SAA Pilots’ Association loses Labour Court bid to interdict lockout
Two weeks ago, SAA issued a formal lockout notice warning nearly 400 pilots would not be allowed to access their workplace until they agreed to new terms and conditions for employment.
JOHANNESBURG - The Labour Court on Tuesday dismissed the South African Airways Pilots’ Association’s (Saapa) application to interdict a lockout by the airline and declare it unlawful.
Two weeks ago, SAA issued a formal lockout notice warning nearly 400 pilots would not be allowed to access their workplace until they agreed to new terms and conditions for employment as part of efforts to rescue the airline.
SAA was placed in business rescue over a year ago, with a rescue plan being adopted in July that involved mass retrenchments.
It also included changes to terms and conditions of employment for those who still have jobs, which Saapa is opposed to.

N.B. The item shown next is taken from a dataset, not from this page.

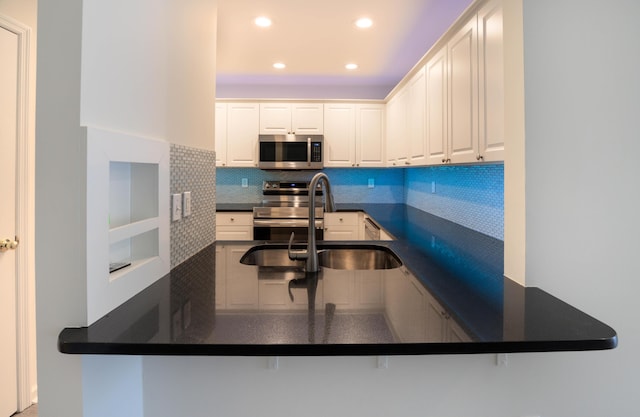 kitchen featuring sink, appliances with stainless steel finishes, tasteful backsplash, white cabinets, and kitchen peninsula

Business rescue practitioner Siviwe Dongwana said they were pleased that the courts sided with them, finding those tasked with saving the cash-strapped airline had complied with the Labour Relations Act in terms of implementing the lockout.
Labour Court Judge J van Niekerk said in his judgment that the lockout by SAA did not constitute a suspension of the pilot’s employment contracts.
Van Niekerk stated that a business rescue practitioner could engage in collective bargaining and initiate any legitimate economic pressure to press for proposed changes to employment terms.
Dongwana claimed Saapa was refusing to compromise on its 1997 regulating agreement, while other employees were making an effort to help create a new sustainable airline.
Saapa was not yet been available for comment.